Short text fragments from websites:
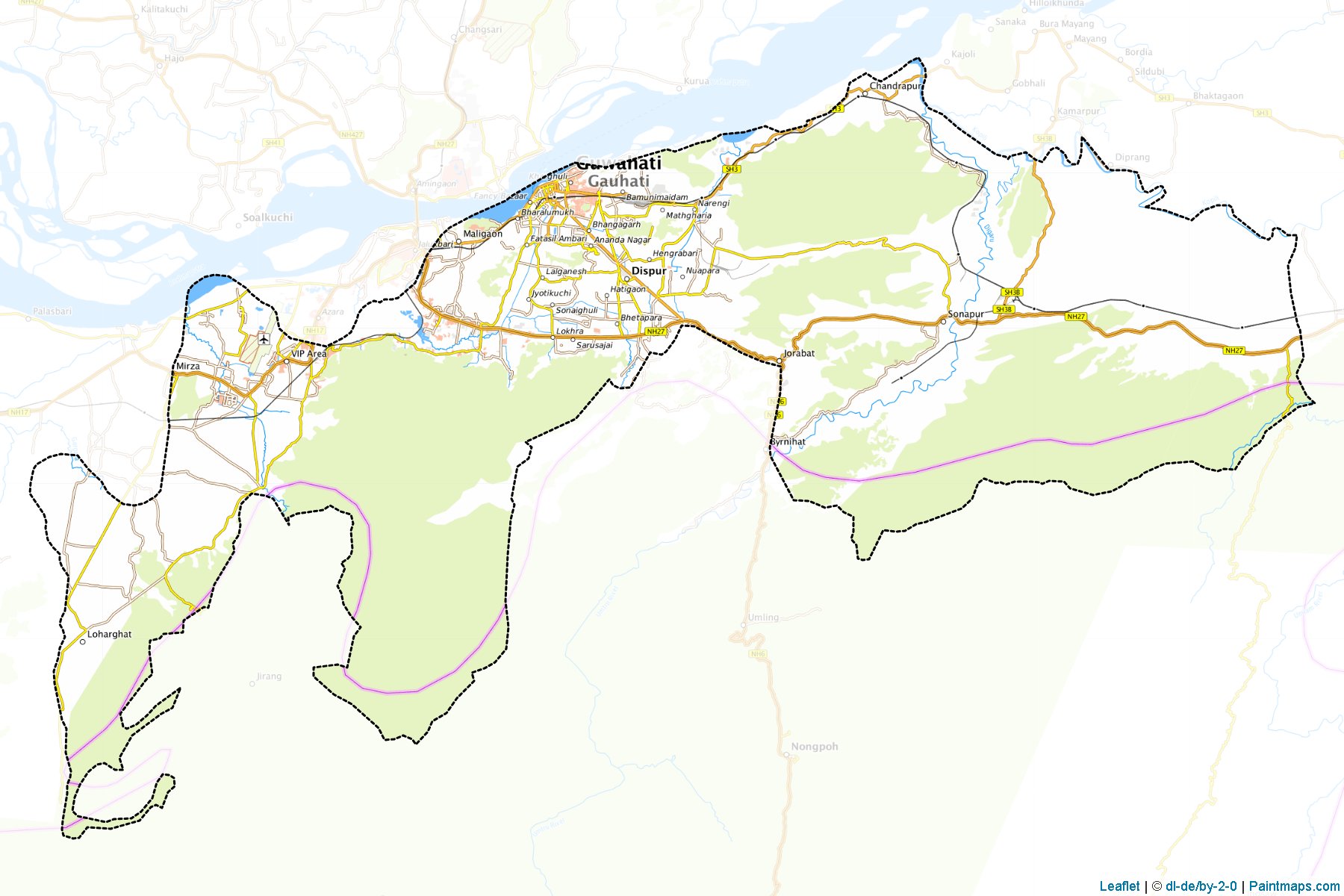 Muestras de recorte de mapas Kamrup Metropolitan (Assam)-1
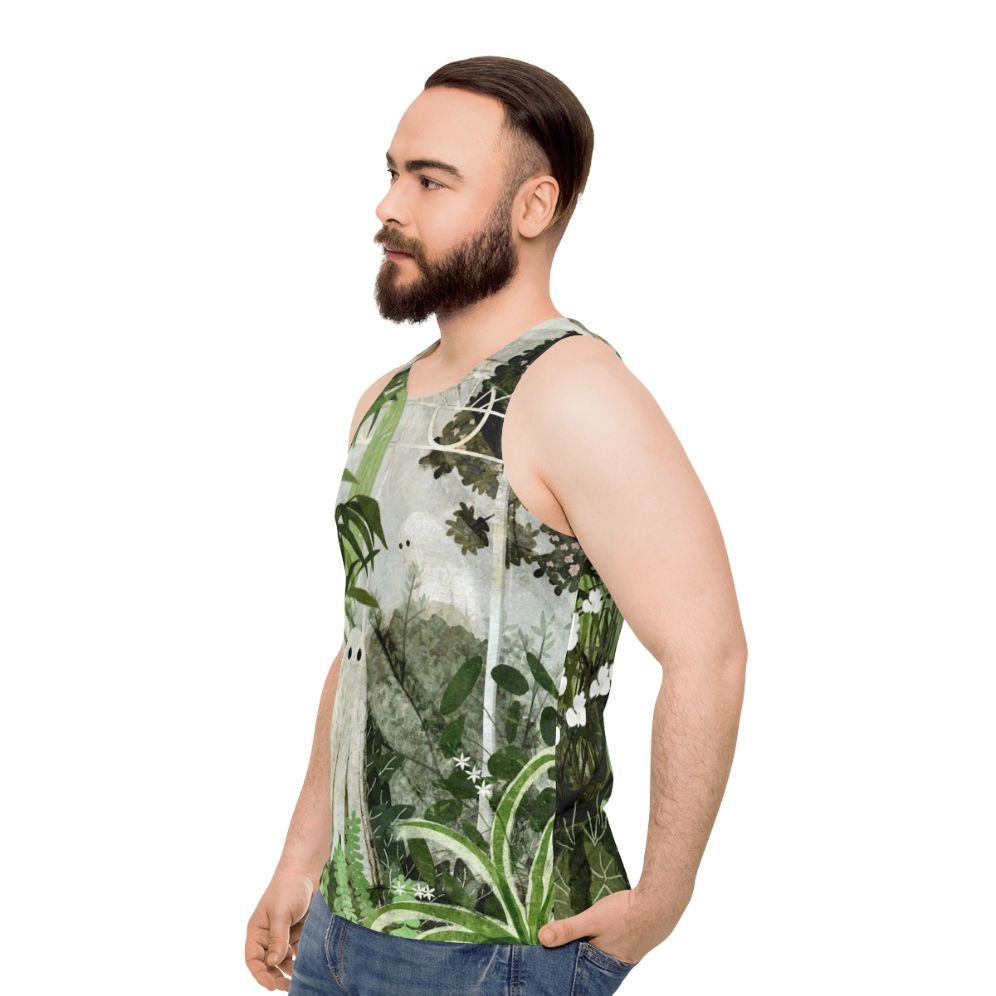 Haunted greenhouse unisex tank top - men side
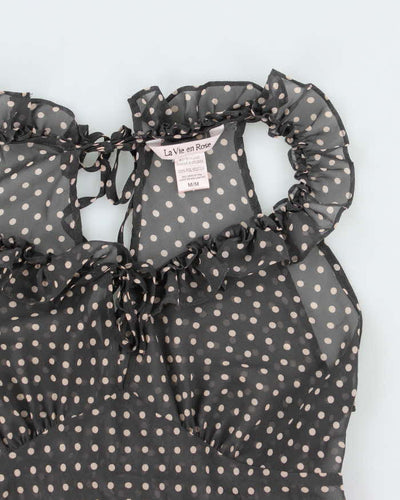 Vintage Y2k 00s La Vie En Rose Polka Dot Mesh Top - M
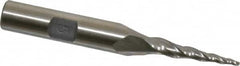 Made in USA - 5° Taper Angle per Side, 1/16" Small End Diam, 1" LOC, High Speed Steel 3 Flute Tapered Ball End Mill - 2-7/8" OAL, 3/8" Shank Diam - Benchmark Tooling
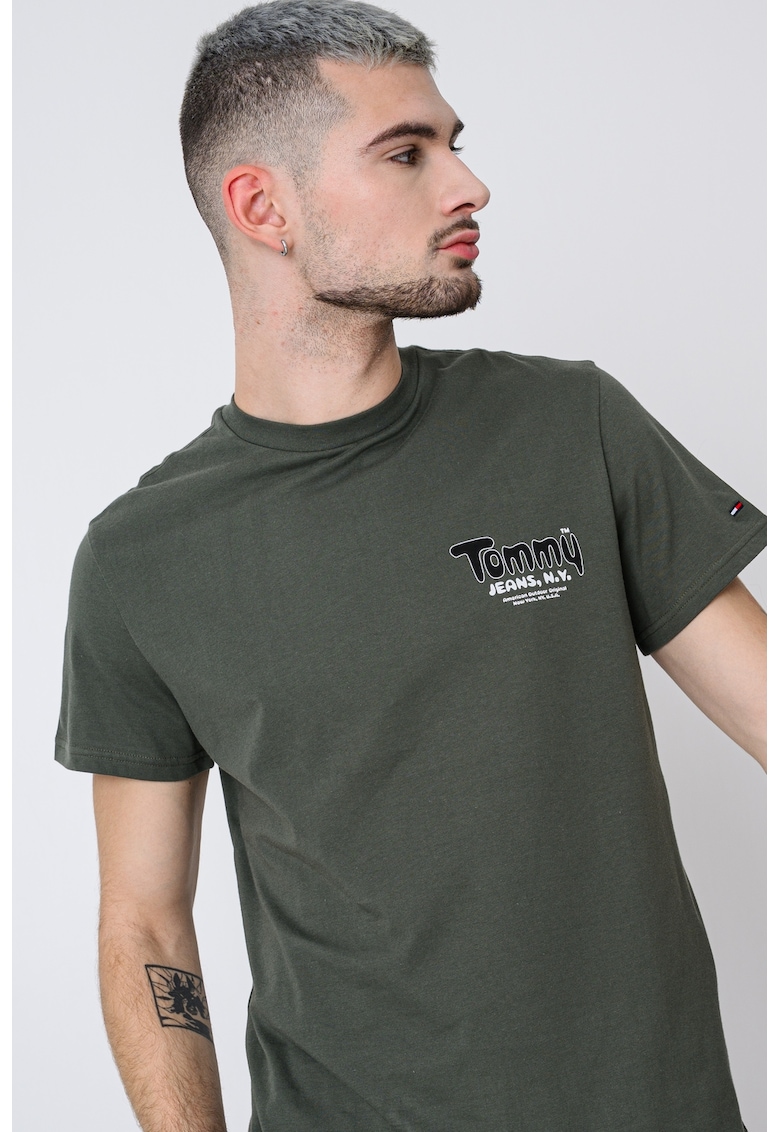 Tricou slim fit cu logo - Verde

=== WORK ORDER ===
When you find the line that contains "Haunted greenhouse unisex", retype it and every line after it through the end of the data above, exactly, with no pictures.

=== RESPONSE TO THIS TASK ===
 Haunted greenhouse unisex tank top - men side
 Vintage Y2k 00s La Vie En Rose Polka Dot Mesh Top - M
 Made in USA - 5° Taper Angle per Side, 1/16" Small End Diam, 1" LOC, High Speed Steel 3 Flute Tapered Ball End Mill - 2-7/8" OAL, 3/8" Shank Diam - Benchmark Tooling
 Tricou slim fit cu logo - Verde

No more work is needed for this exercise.